Leithen raised his sick eyes to the eager face before him, a face whose abounding vitality sharpened the sense of his own weakness. ‘You’ve come a little late,’ he said slowly. ‘I’m going to tell you something…which nobody knows except myself and my doctor – and I want you to promise to keep it secret…I’m a dying man. I’ve only about a year to live.’
He was not certain what he expected, but he was certain it would be something which would wind up this business for good. He had longed to have one confidant, only one, and Blenkiron was safe enough. The sound of his voice speaking these grim words somehow chilled him, and he awaited dismally the conventional sympathy. After that Blenkiron would depart and he would see him no more. But Blenkiron did not behave conventionally. He flushed deeply and sprang to his feet, upsetting his chair.
“My God!” he cried. “If I ain’t the blightedest, God-darned blundering fool! I might have guessed by your looks you were a sick man, and now I’ve hurt you in the raw with my cursed egotistical worries. . . . I’m off, Sir Edward. Forget you ever saw me. God forgive me, for I won’t soon forgive myself.”
“Don’t go,” said Leithen. “Sit down and talk to me. You may be the very man I want.”
A theme running through the book is that of Leithen ‘making his soul.’ He accepts Blenkiron’s assignment determined to squeeze as much out of life as he could before he dies, makes his way to Canada and meets with Galliard’s wife, Felicity.
How valuable was that thing for which he was bartering all that remained to him of life? At first Blenkiron’s story had been no more than a peg on which to hang a private determination, an excuse, partly to himself and partly to the world, for a defiant finish to his career. The task fulfilled the conditions he wanted – activity for the mind and a final activity for the body. Francis Galliard was a disembodied ghost, a mere premise in an argument. But now – Felicity had taken shape as a human being. There was an extraordinary appeal in her mute gallantry, her silent, self-contained fortitude.
And so, Leithen’s spiritual quest to ‘make his soul’ begins with a trip to the north where he meets up with a ‘half-breed’ Cree tracker, Johnny Frizel and two Hare Indians.
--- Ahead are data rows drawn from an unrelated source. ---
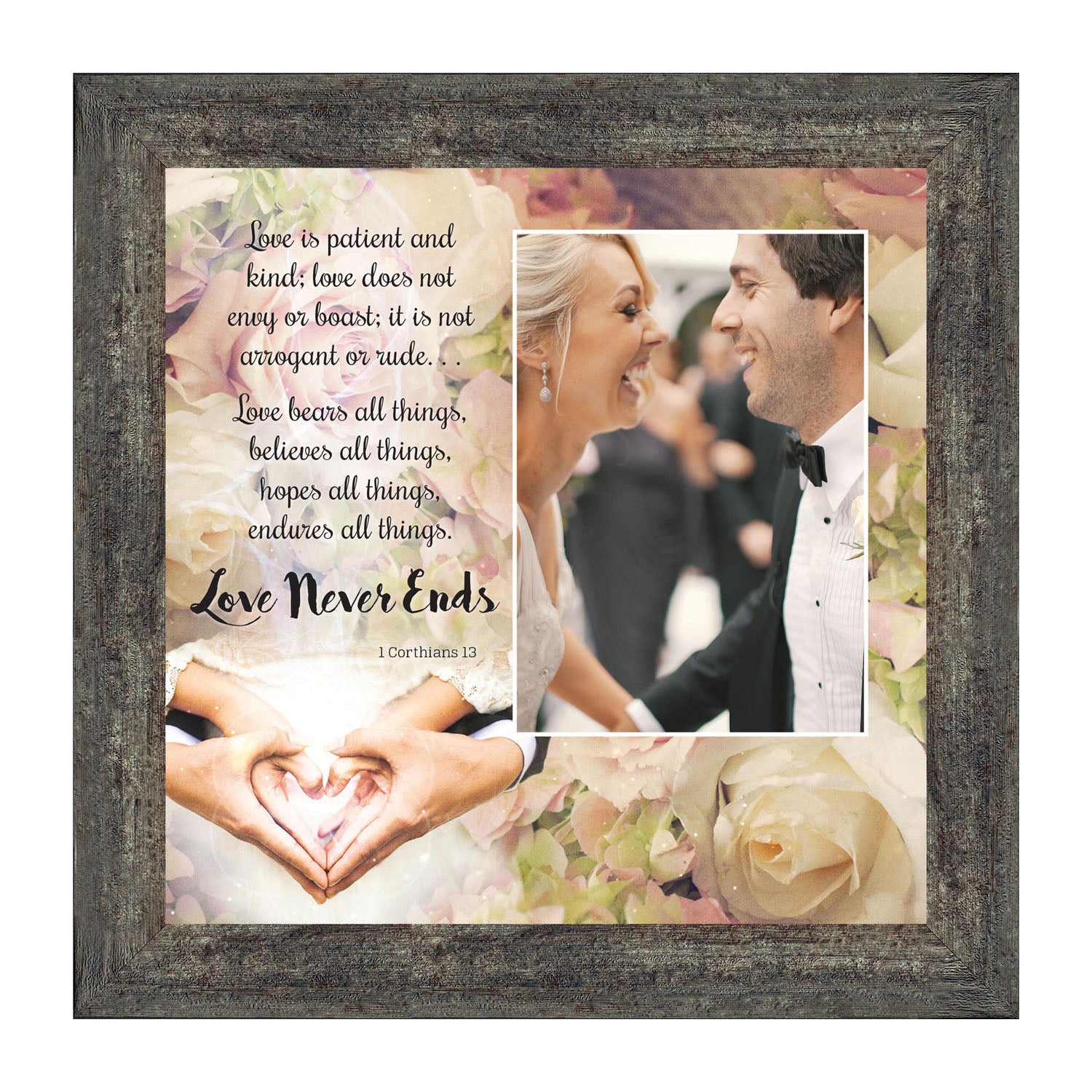 Personalized Family Photo Gift Box - "Here Love knows No End!&quo –  Shiner Photo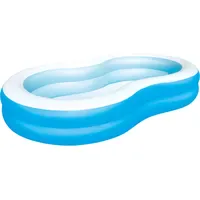 BESTWAY Lagune Family Planschbecken 262 x 157 x 46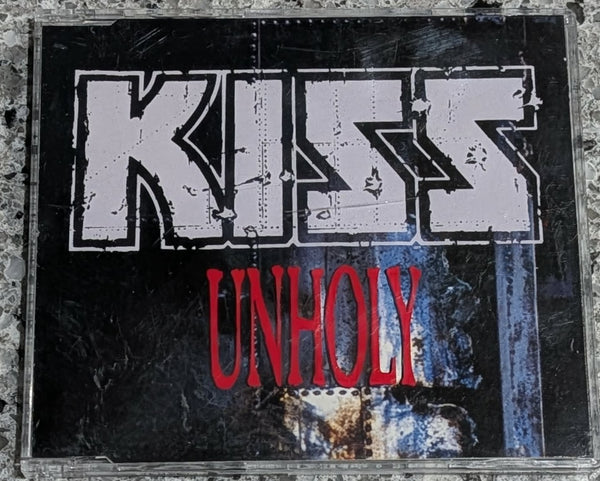 KISS Eric Singer Owned UNHOLY 4-track GERMANY  Promotional Promo CD Personal Collection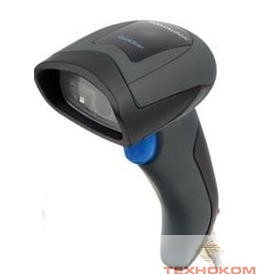 Datalogic QuickScan QD2430 [QD2430-BKK1] черный {Сканер штрихкодов ручной, USB 2D имидж}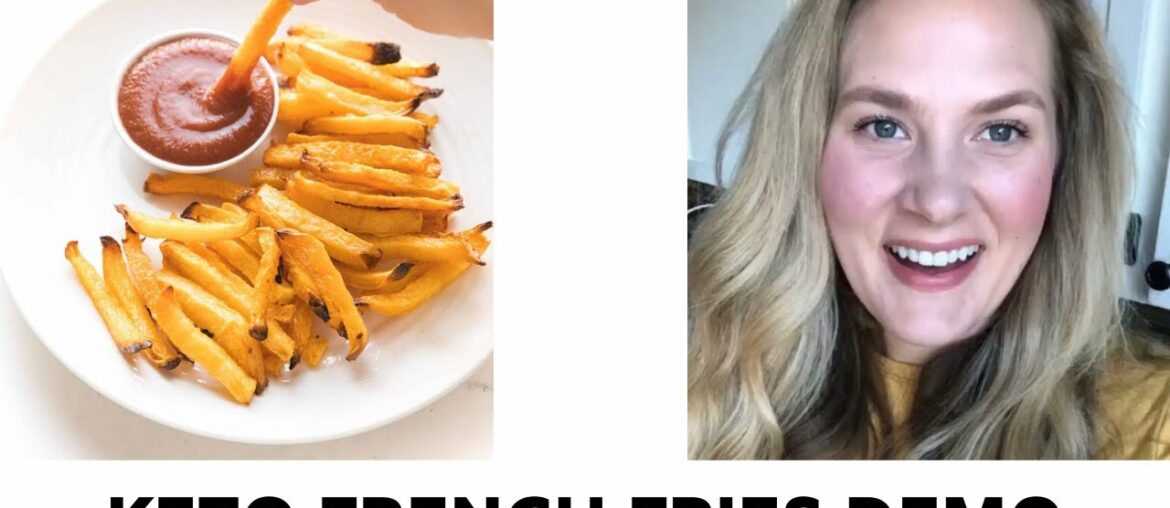 Keto French Fries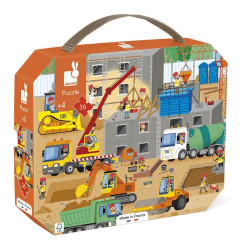 Puzzle Chantier - 36 pièces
They discover that about ten days previously Galliard had joined up with Johnny’s brother, Lew, also an expert guide, and the two of them were heading north. Johnny suspected that Lew was as sick in heart as Galliard.
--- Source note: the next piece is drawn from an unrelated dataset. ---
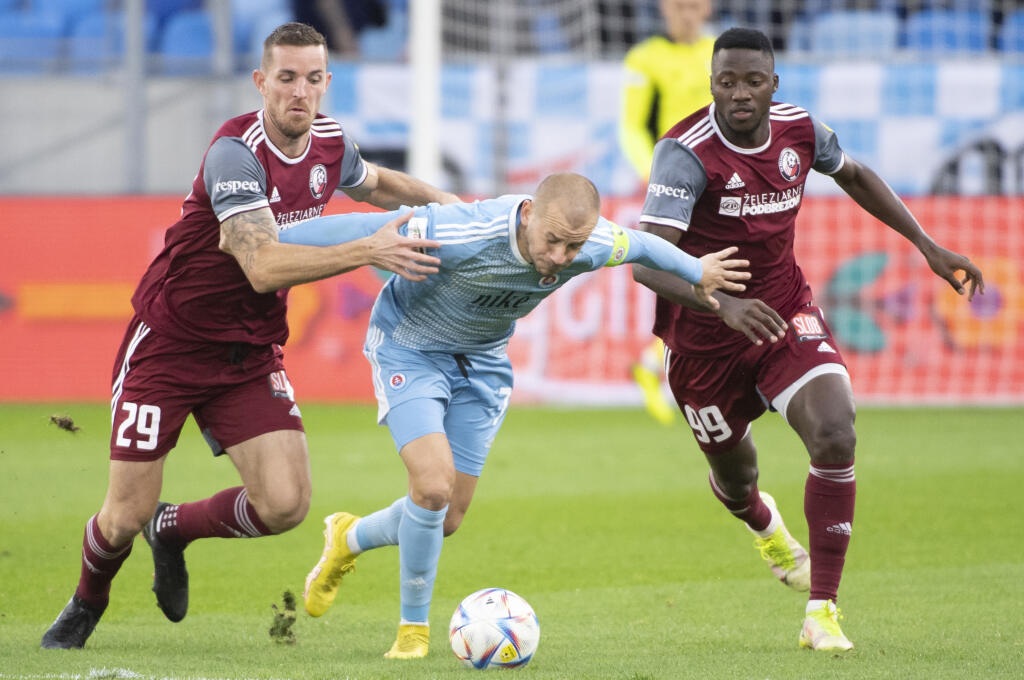 Slovan Bratislava - Železiarne Podbrezová.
We have each of us to travel to his own Sick Heart River.
That turns out to be the case and now there were two men that needed to be found and healed.
The remainder of the story follows Leithen’s gradual convalescence and the turning point in his life where he chooses the path of duty and decides to stay in the North and help a tribe of Hare Indians who are on the verge of extinction. They had become unhinged by superstition and horror of the supernatural.
There was a plain task before him, to fight with Death…Here in the North life had always been on sufferance, it’s pale slender shoots fighting a hard battle against the Elder Ice. But it had maintained its brave defiance. And now one such pathetic slip was on the verge of distinction…
By God’s help that should not happen – the God who was the God of the living.
Through strange circuits he had come to that simple forthright duty for which he had always longed. In that duty he must make his soul.
Each sick-hearted man lost all care for himself in sympathy for others. When they forgot their own troubles, they found they had disappeared.
Well, that was a bit of a ramble. It’s difficult to summarize a story like this but it’s an excellent read. It’s quite different to most of Buchan’s other books and if you’re mostly interested in the Richard Hannay type of adventure, you may not enjoy this as much. My kids have read and re-read most of Buchan’s books around the age of about thirteen or fourteen, but this one and Witch Wood are two that are best left for more mature readers, I think, but for different reasons.